**Data for processing:**
Start of Block

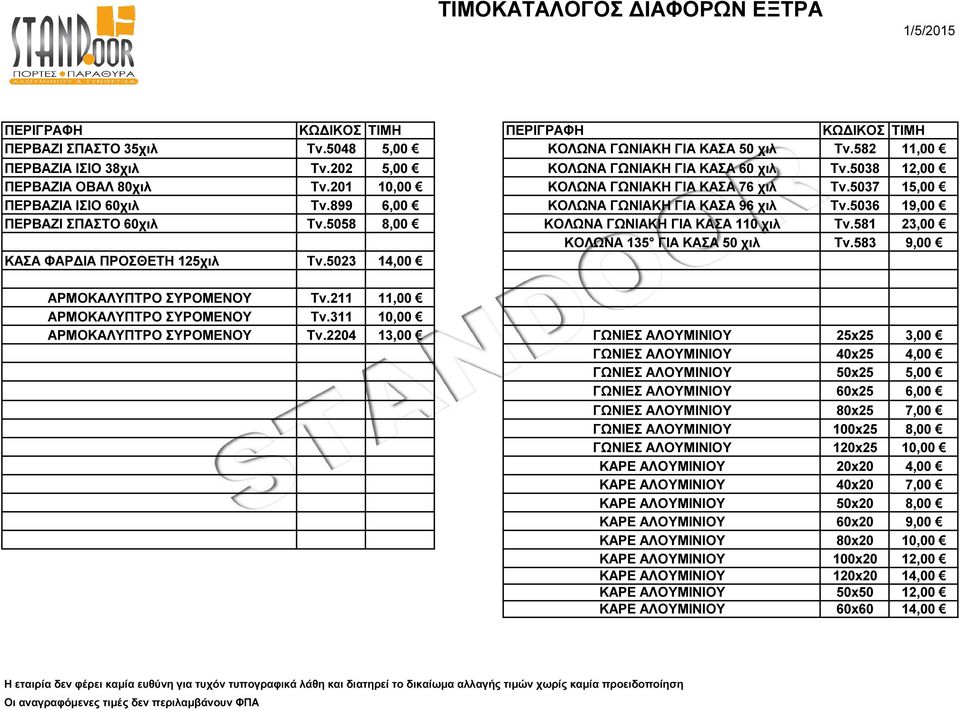 5036 19,00 ΠΕΡΒΑΖΙ ΣΠΑΣΤΟ 60χιλ Tv.5058 8,00 ΚΟΛΩΝΑ ΓΩΝΙΑΚΗ ΓΙΑ ΚΑΣΑ 110 χιλ Tv.581 23,00 ΚΟΛΩΝΑ 135 ΓΙΑ ΚΑΣΑ 50 χιλ Tv.583 9,00 ΚΑΣΑ ΦΑΡΔΙΑ ΠΡΟΣΘΕΤΗ 125χιλ Tv.5023 14,00 ΑΡΜΟΚΑΛΥΠΤΡΟ ΣΥΡΟΜΕΝΟΥ Tv.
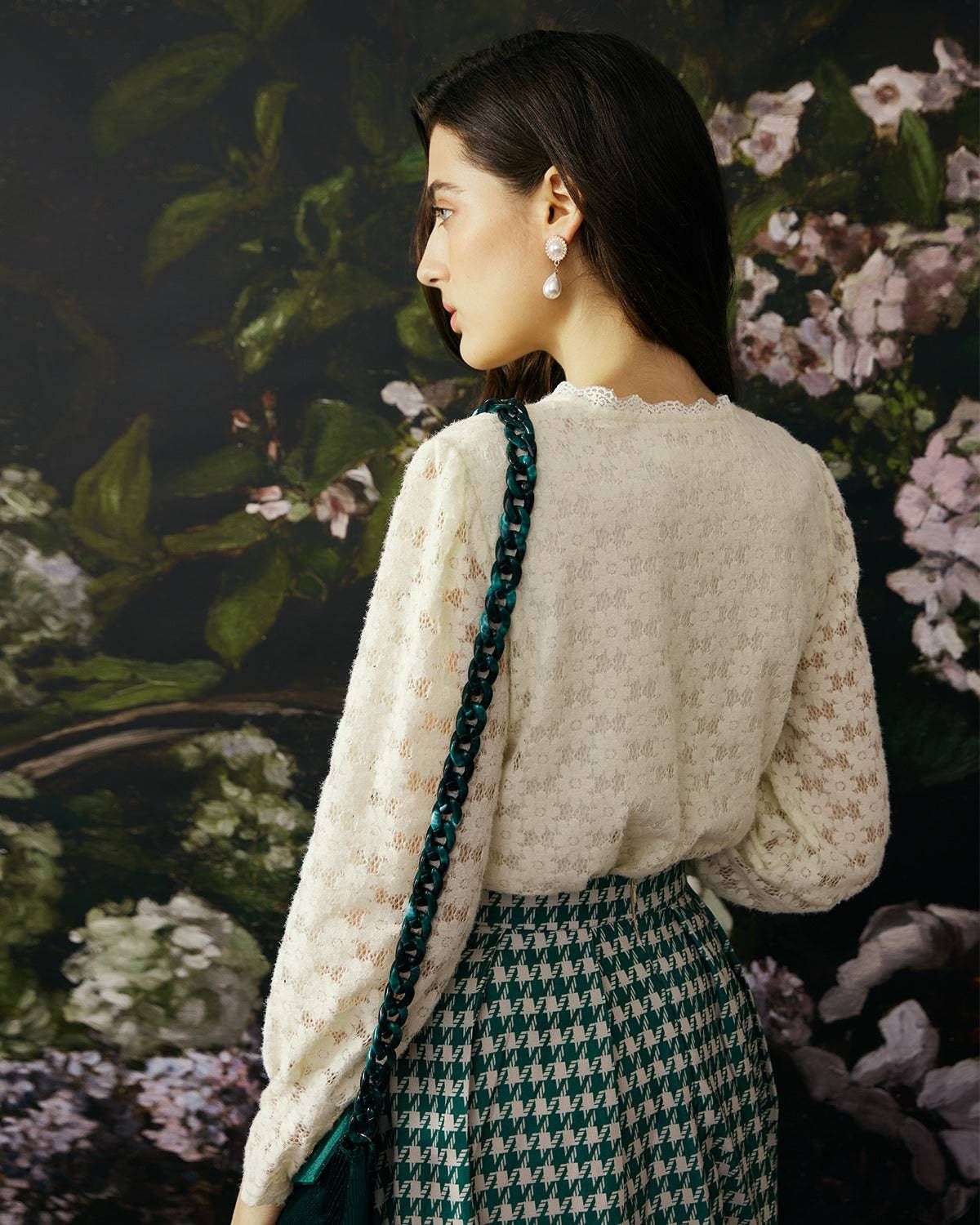 The Romance Lace Detailed Floral Shirt sold by rihoas product image thumbnail 4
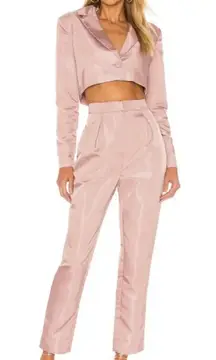 NBD Harmony Mauve Pink Cropped Ripstop Blazer Large New Womens Jacket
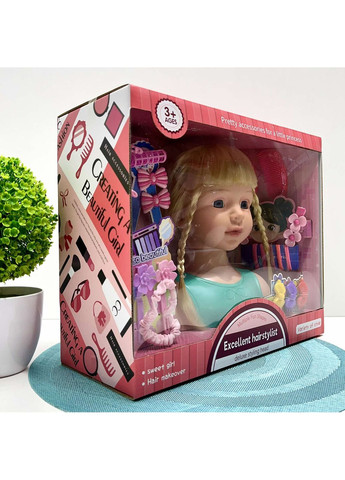 Кукла-манекен для девочки Голова для причесок с аксессуарами бигуди резинки расческа Вид 2 (YM25-2B-С) No Brand (350936082)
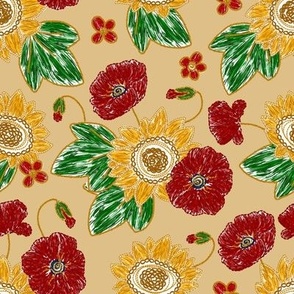 Ukrainian sunflower and poppy floral flower embroidery ethnic design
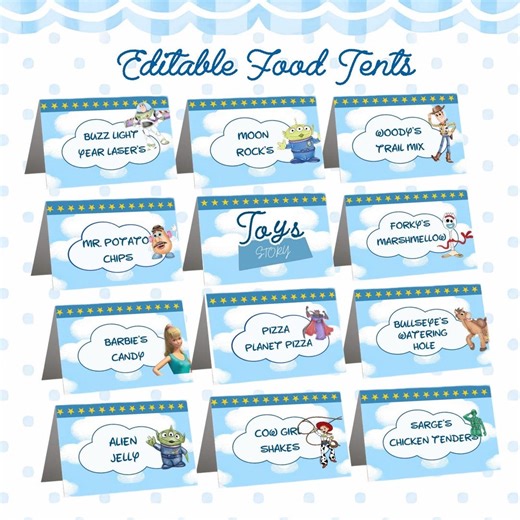32 Toy Story Birthday Party Food Labels Name Tags | Editable Table Tents Printable DIY Place Cards | Editable Download Digital File Canva - Etsy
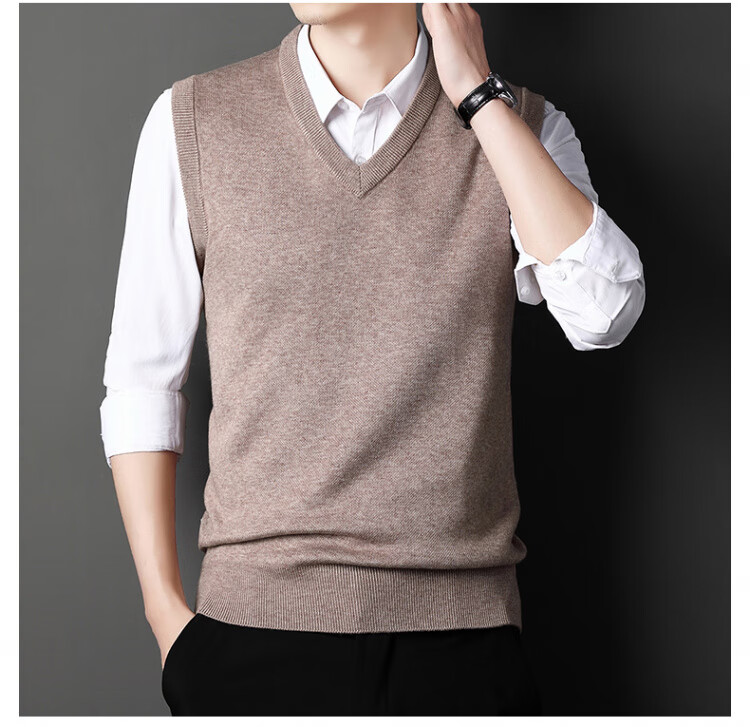 Hengyuanxiang Men's Knitted Vest Sleeveless Sweater Black XL Autumn Winter Thick Warm V-Neck Dad Style 7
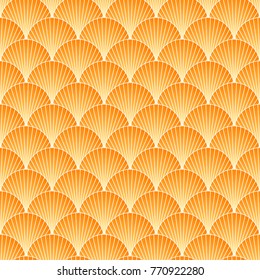 Traditional japanese sea pattern with circles. Mermaid scales. Golden fish scales. Vector illustration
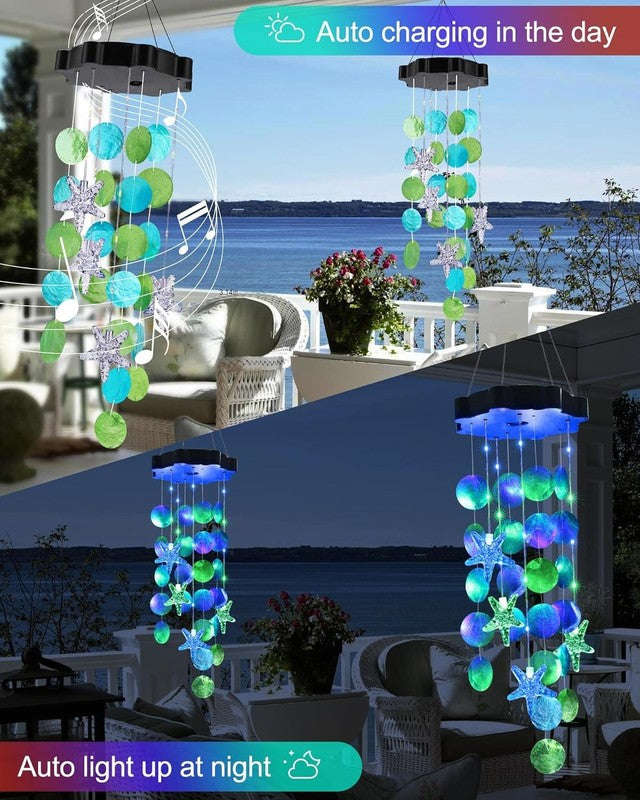 Solar Wind Chimes for Outside, Shells Light Gifts for Mom Grandma Women Wife Gir5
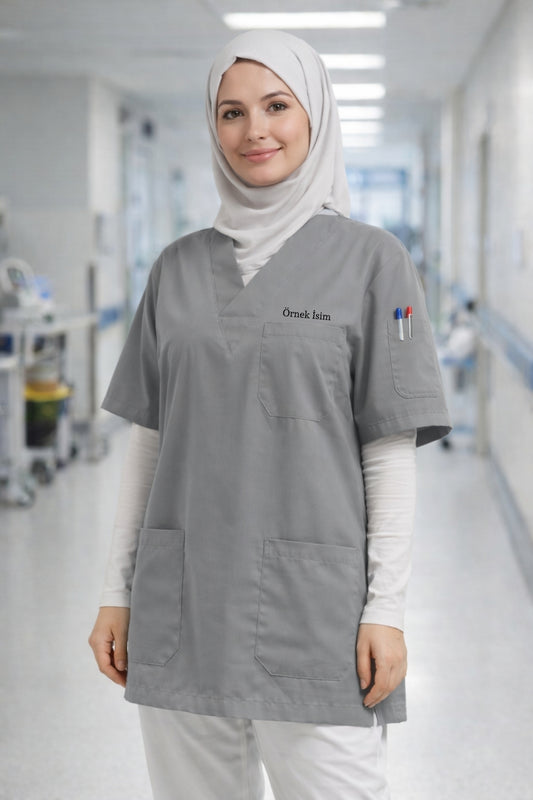 Personalized Scrubs Jersey with 4 Pockets and Custom Name - Grey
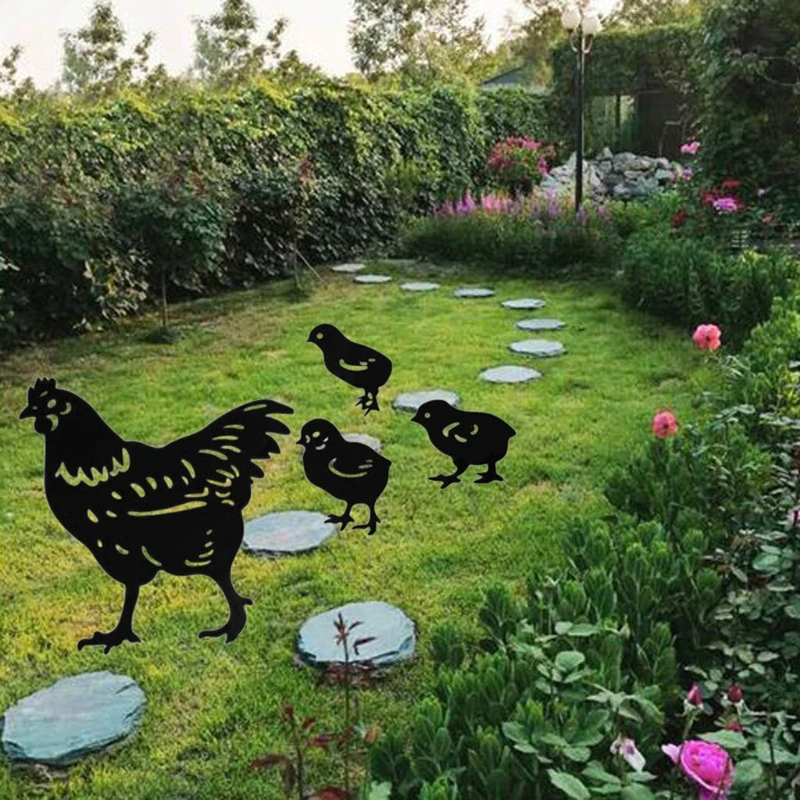 

4pcs Acrylic Hen Garden Stakes Black Animal Rooster Silhouette Stake for Yards Gardens Easter Gifts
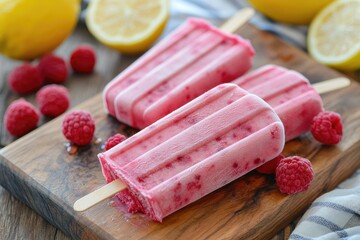 Refreshing raspberry lemonade popsicles, partially melted on a wooden board with fresh raspberries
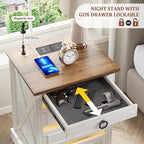 Farmhouse Night Stand with Gun Drawer, Bedside Table with Charger Station - Image 3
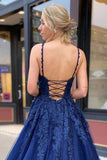 A-line V Neck Spaghetti Straps Sweep Train Tulle Prom Dress With Appliqued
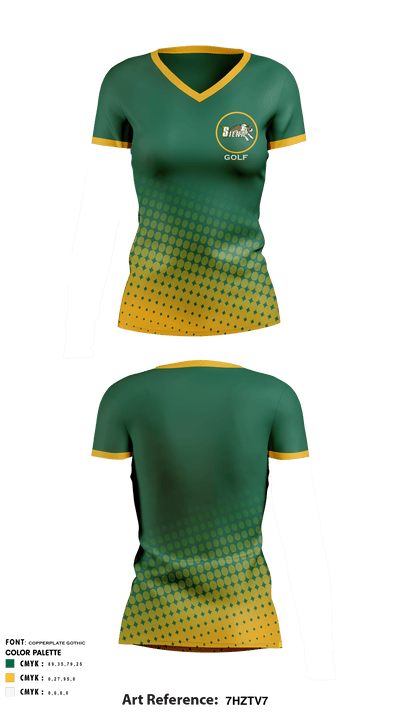 Siena College Golf 40900646 Women's Short Sleeve V-neck Shirt - 1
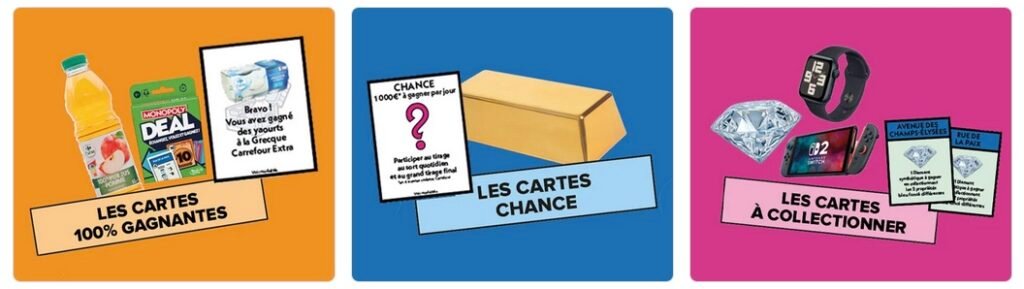 Cartes Monopoly pour jouer et gagner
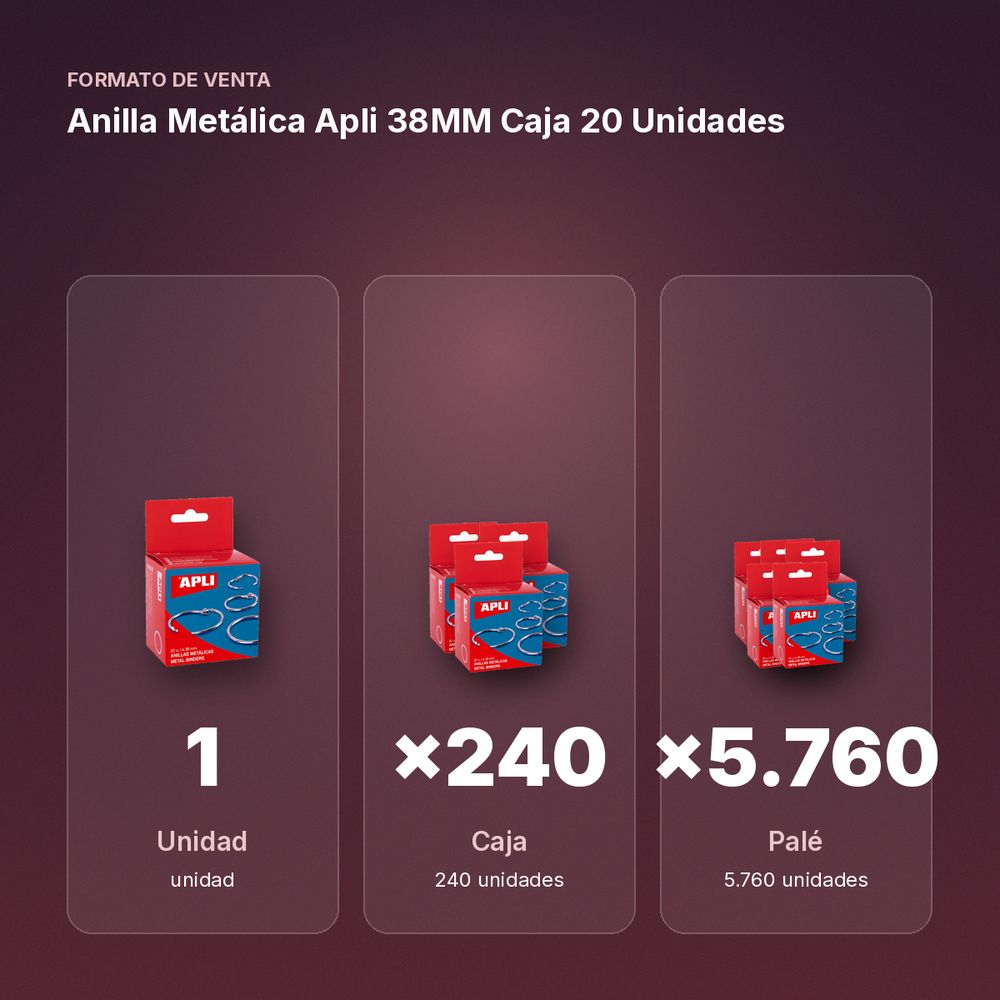 ANILLA METÁLICA APLI 38MM CAJA 20 UNIDADES - formato de venta: caja de 240, palé de 5760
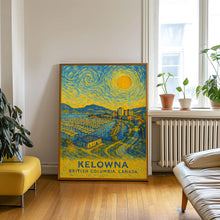 Kelowna Poster Print, Kelowna Travel Poster, Kelowna Van Gogh Style Wall Art, Kelowna, British Columbia, Canada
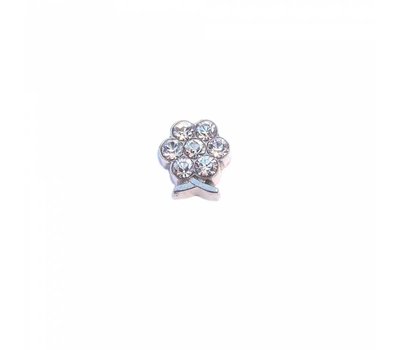 Floating Charms Floating locket charm geboortesteentje bloem april zilver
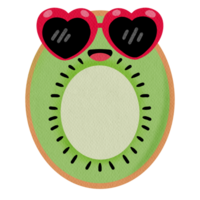 hello summer funny illustration. Kiwi wearing glasses png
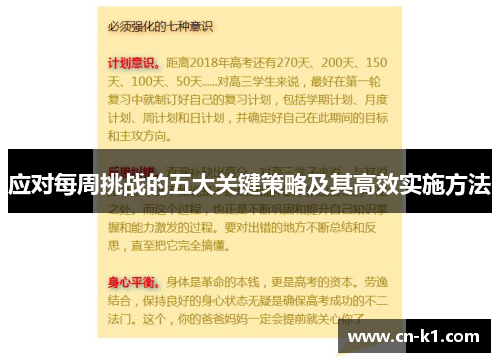 应对每周挑战的五大关键策略及其高效实施方法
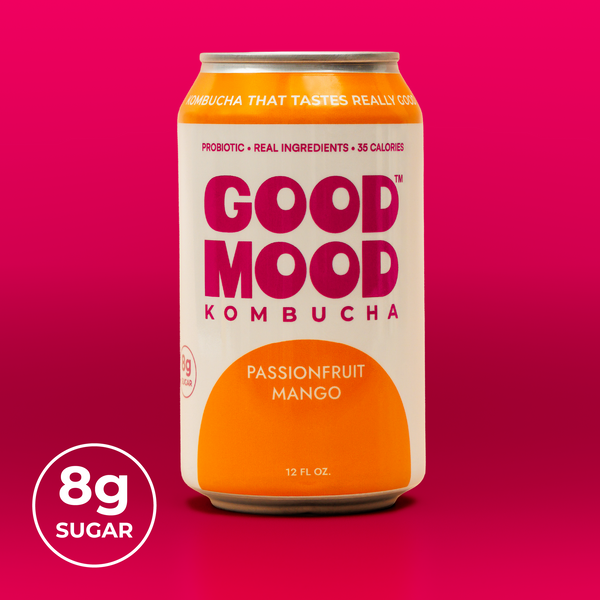 GoodMood Kombucha Passionfruit Mango flavor label detail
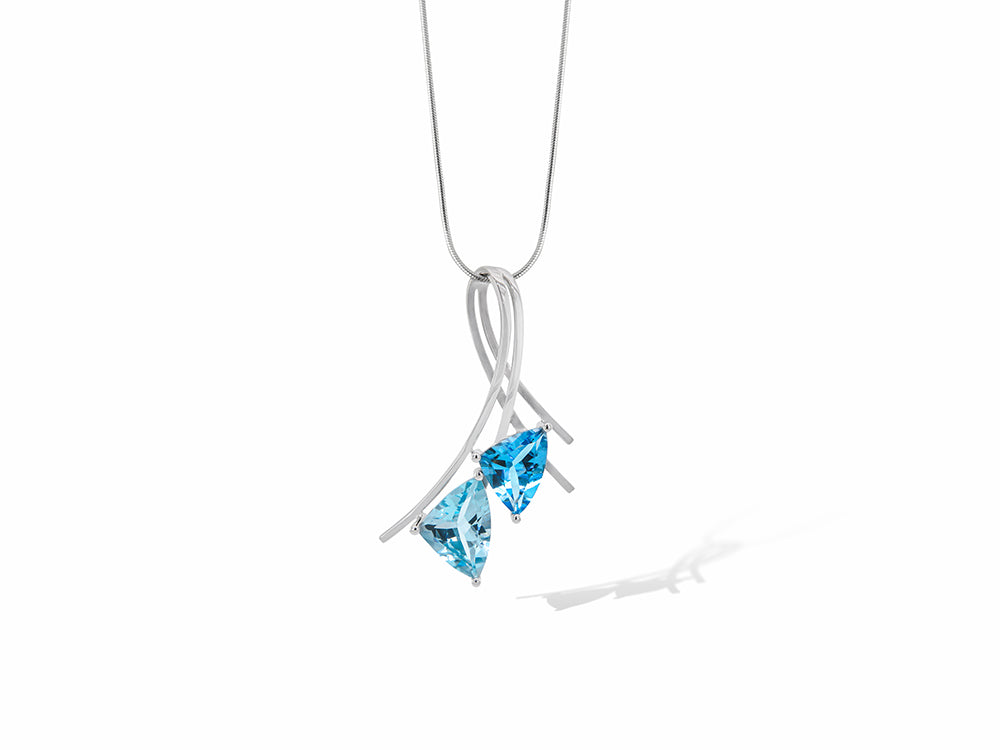 Contemporary Art Deco Gemstone Pendant P7586 - P7586 Blue Topaz / Swiss Blue Topaz - Pendant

End of Block

**Goal of the exercise:**
With the pictures omitted, print the lines above exactly, beginning at the line with "Kelowna Poster Print, Kelowna" and going on through the line with "GoodMood Kombucha Passionfruit".

**Response to the task:**
 Kelowna Poster Print, Kelowna Travel Poster, Kelowna Van Gogh Style Wall Art, Kelowna, British Columbia, Canada
 Floating Charms Floating locket charm geboortesteentje bloem april zilver
 hello summer funny illustration. Kiwi wearing glasses png
 应对每周挑战的五大关键策略及其高效实施方法
 GoodMood Kombucha Passionfruit Mango flavor label detail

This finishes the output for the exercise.